### Activity
In the entries below, begin at the line that has "Pacsafe® V Anti-Theft Urban Sling - Image 52" and stop after the line that has "China Hot Selling"; output those lines exactly, leaving out pictures.

Items listed in a dataset:
──────────
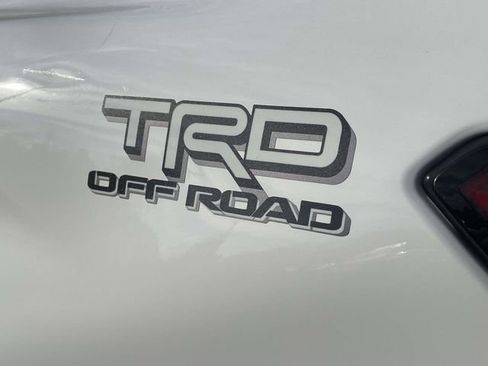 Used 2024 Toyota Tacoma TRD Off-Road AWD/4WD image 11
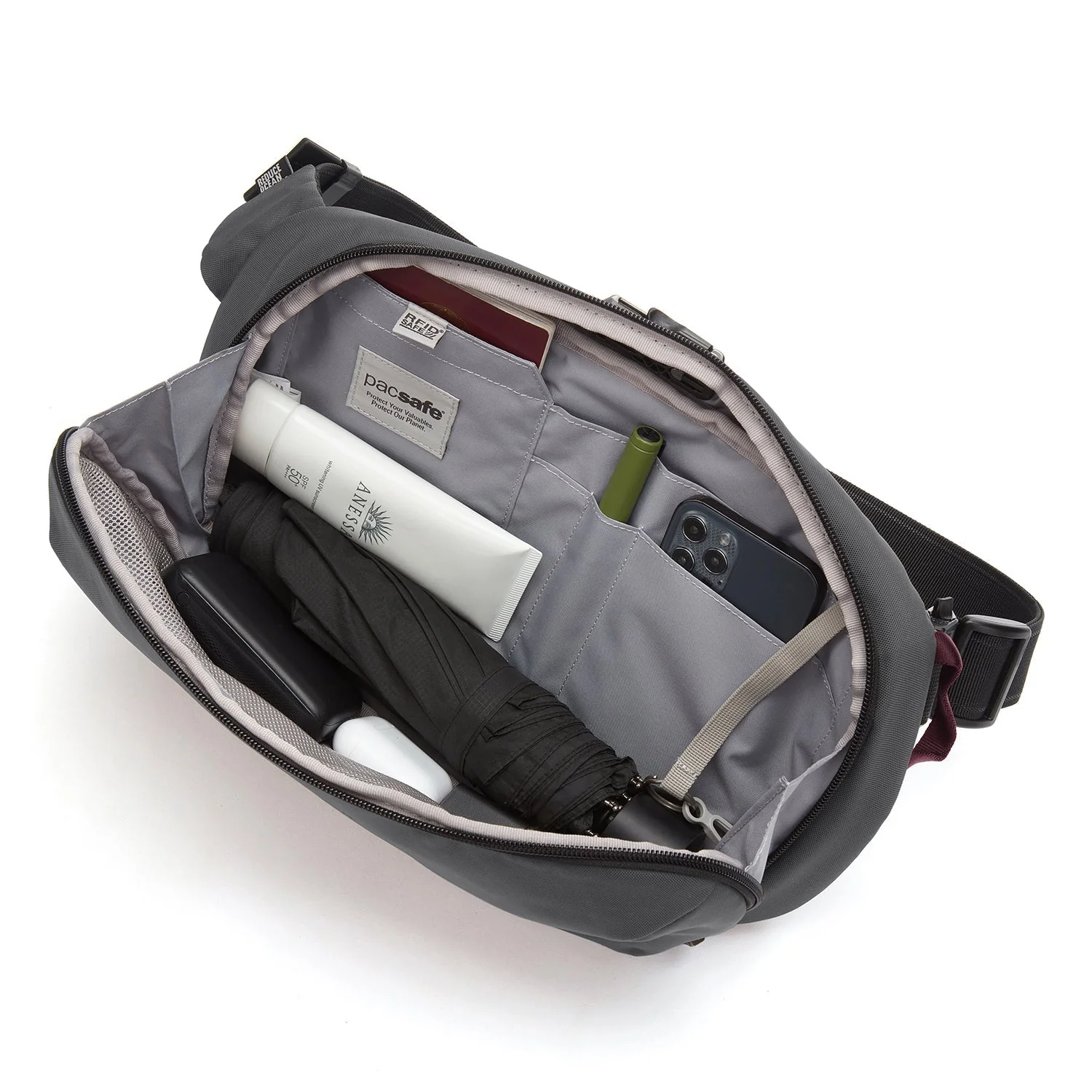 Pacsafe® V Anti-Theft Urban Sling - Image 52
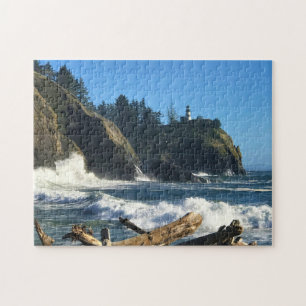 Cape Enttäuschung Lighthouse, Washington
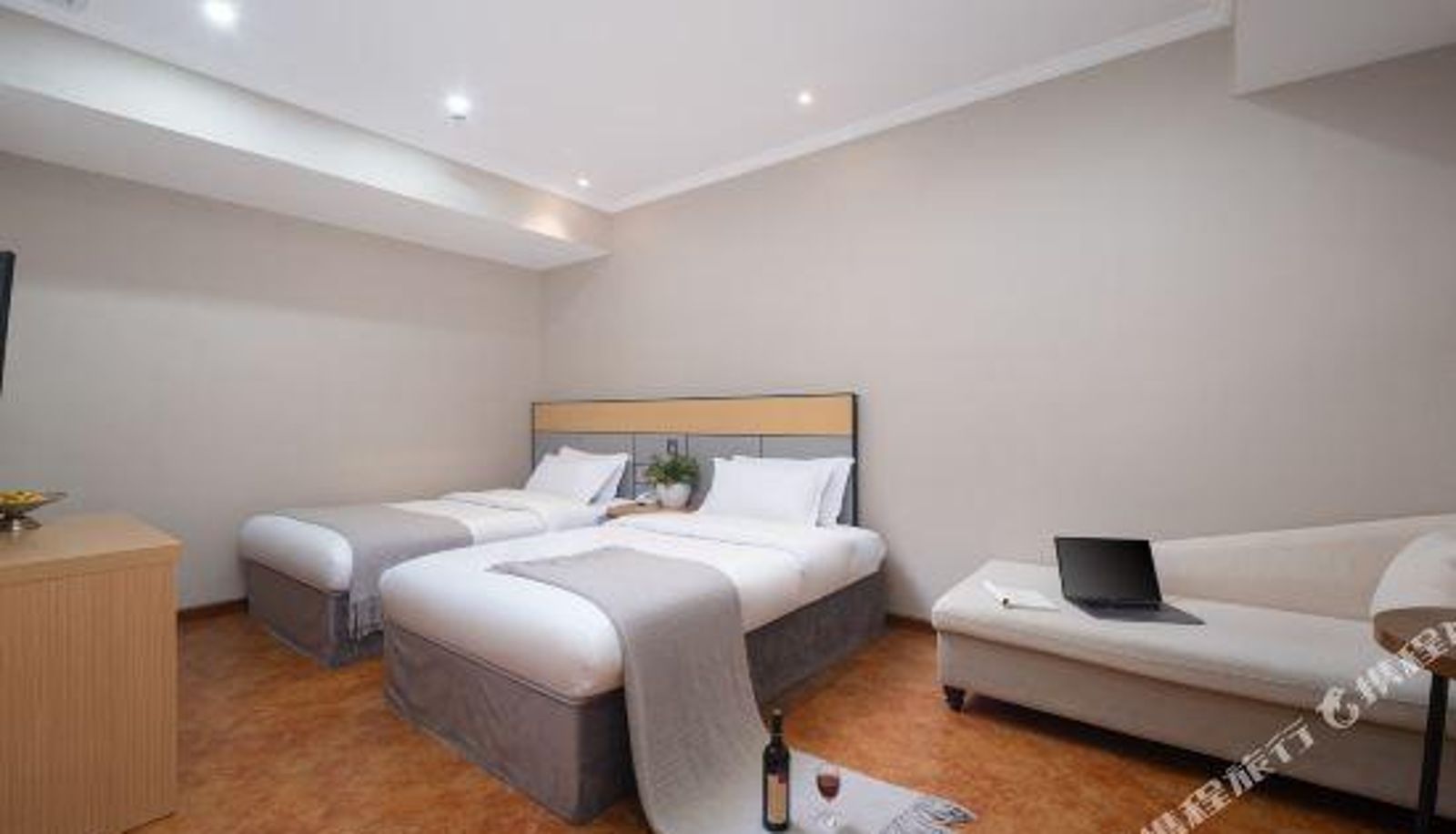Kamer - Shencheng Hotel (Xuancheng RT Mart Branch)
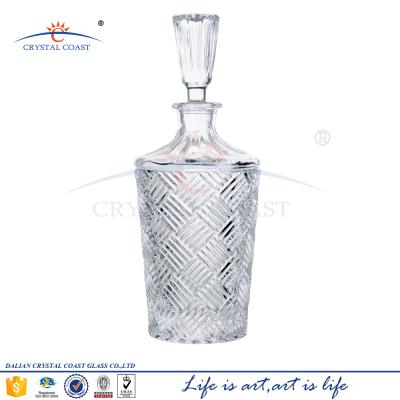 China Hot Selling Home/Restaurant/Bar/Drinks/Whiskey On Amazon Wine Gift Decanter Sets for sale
──────────
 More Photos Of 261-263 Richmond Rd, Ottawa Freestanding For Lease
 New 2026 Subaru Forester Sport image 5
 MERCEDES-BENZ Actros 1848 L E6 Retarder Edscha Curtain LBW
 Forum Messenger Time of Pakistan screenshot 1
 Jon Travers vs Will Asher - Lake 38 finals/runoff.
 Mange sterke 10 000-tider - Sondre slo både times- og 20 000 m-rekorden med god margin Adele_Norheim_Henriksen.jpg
──────────
### Solution to the exercise
 Pacsafe® V Anti-Theft Urban Sling - Image 52
 Cape Enttäuschung Lighthouse, Washington
Kamer - Shencheng Hotel (Xuancheng RT Mart Branch)
 China Hot Selling Home/Restaurant/Bar/Drinks/Whiskey On Amazon Wine Gift Decanter Sets for sale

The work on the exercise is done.